I am guessing (actually knowing would require me to put on real pants and get up out of my chair, so that’s not going to happen for a while. Shut up! It’s my birthday) that the house on the corner sold. You know, the one FACING Fairmount. It has had bright pink surveyor flags staked out for more than a week, and now the For Sale sign is gone. My Sherlock-like brain has brilliantly deduced that this means the house sold.
I should go over there to make sure they are block party friendly. They are replacing a key block party family. The man who used to live there designed Happy Meal toys for a living and always contributed a sackful of toys for prizes, plus they had an adorable little boy (aged 3 now) who was an enthusiastic fan of even my dopiest attempts at frivolity, and they just had a second baby who I’m sure would have been just a big a fan.

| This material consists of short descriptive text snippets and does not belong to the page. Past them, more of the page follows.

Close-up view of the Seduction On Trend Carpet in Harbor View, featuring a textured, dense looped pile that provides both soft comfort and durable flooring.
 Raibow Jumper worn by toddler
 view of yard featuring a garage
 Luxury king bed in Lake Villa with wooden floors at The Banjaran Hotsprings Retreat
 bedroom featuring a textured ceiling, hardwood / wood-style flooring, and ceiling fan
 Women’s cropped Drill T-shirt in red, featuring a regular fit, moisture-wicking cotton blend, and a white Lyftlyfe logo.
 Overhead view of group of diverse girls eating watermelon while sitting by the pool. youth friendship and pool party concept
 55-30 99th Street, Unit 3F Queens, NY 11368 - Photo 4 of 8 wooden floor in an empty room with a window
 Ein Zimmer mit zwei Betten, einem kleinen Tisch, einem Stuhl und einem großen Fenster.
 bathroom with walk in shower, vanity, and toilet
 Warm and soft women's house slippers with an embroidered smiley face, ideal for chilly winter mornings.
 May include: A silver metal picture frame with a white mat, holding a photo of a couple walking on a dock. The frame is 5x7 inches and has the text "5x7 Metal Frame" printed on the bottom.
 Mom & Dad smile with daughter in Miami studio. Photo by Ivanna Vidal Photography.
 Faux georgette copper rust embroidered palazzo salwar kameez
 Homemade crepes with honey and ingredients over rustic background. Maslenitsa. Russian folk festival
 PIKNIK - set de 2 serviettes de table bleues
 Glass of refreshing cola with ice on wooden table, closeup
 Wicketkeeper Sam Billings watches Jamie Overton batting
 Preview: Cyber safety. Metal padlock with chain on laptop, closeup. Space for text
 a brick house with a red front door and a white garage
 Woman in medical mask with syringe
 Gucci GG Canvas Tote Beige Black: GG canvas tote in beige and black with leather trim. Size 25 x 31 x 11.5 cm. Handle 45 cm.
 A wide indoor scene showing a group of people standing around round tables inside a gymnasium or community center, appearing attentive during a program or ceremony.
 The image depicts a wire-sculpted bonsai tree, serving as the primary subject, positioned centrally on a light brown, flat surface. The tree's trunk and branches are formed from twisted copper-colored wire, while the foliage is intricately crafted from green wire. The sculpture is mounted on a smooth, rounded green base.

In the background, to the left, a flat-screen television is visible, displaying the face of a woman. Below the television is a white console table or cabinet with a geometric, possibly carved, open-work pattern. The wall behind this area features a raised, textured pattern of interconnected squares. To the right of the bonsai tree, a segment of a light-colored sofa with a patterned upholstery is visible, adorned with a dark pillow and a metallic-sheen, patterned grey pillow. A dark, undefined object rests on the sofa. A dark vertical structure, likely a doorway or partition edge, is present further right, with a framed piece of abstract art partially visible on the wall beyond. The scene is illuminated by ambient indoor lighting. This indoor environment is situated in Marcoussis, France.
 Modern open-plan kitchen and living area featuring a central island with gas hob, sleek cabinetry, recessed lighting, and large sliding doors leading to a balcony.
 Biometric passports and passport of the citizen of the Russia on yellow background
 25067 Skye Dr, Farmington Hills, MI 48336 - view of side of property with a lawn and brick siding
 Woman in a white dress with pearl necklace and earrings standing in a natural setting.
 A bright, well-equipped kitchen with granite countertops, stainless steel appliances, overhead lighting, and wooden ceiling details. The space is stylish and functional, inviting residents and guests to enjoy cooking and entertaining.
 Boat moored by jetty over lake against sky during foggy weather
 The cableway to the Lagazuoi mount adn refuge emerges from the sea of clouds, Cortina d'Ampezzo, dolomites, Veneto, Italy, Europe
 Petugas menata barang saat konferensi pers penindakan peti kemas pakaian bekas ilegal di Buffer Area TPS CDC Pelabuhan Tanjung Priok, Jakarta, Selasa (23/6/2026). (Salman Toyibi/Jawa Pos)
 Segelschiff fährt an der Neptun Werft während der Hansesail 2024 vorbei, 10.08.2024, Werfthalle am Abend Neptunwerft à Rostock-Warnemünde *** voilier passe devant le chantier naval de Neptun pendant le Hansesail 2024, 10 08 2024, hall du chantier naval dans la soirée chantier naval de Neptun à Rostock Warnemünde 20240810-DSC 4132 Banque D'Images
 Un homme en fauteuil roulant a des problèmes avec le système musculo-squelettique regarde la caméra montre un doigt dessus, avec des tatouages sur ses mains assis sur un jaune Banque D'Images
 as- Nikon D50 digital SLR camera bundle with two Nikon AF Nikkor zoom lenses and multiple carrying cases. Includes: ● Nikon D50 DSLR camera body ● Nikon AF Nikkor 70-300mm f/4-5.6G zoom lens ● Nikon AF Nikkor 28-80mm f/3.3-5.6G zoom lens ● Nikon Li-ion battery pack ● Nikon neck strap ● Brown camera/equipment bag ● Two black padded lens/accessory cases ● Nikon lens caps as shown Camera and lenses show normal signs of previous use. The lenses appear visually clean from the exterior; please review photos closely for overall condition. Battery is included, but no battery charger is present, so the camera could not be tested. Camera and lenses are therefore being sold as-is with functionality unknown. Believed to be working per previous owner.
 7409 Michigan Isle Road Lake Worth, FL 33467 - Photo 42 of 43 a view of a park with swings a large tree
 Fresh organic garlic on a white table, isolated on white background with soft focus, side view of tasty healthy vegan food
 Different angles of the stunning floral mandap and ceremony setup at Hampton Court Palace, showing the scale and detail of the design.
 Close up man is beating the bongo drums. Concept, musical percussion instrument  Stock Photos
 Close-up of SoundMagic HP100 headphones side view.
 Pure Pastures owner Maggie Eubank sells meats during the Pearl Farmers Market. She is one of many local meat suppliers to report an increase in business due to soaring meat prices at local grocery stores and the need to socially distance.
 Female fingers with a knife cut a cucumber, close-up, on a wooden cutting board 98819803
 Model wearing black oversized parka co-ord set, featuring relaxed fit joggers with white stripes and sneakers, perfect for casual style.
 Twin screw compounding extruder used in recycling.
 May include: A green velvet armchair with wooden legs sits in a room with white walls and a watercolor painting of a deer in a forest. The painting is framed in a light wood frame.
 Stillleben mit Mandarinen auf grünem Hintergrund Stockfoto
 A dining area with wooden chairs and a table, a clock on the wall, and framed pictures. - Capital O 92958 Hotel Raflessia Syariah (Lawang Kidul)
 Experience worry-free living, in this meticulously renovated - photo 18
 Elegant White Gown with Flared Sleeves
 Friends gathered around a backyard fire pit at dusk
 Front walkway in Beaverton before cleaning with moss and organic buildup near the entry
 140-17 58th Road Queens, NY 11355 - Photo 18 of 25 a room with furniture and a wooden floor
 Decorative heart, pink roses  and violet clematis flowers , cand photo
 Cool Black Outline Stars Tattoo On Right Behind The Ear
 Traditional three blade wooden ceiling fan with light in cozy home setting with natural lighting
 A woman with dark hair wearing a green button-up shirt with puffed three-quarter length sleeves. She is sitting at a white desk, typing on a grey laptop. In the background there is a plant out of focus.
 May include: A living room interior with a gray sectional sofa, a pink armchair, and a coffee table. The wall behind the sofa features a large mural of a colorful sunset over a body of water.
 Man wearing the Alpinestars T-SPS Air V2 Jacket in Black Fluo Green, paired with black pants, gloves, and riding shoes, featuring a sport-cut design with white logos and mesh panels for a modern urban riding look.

Who knows what these new people are like. It could be Grumpy Gramps McGrumperson, the meanest man ever to escape Dr. Glum’s Retirement Home for Miserly Misanthropes. It could be the Snooterson family from Snobbington, Delaware who’s idea of fun is folding napkins and setting a proper table to enjoy a repast of tepid tap water and lima beans. This could be a disaster of epic proportions!
On the other hand, it could be a family who owns a bounce house and carnival concession rental company, who have a karaoke machine and portable tiki bar they bring outside for parties. The possibilities are endless!
But since we are on the topic of block parties (as loathe as I am to talk about them), I want to gauge interest in a neighborhood Halloween party the weekend immediately prior. Because if you all want one, I’m going to have to clean out my garage.
Because I know how to party, I will be helping out at Market Day later in the school gym. I hope to see you soon.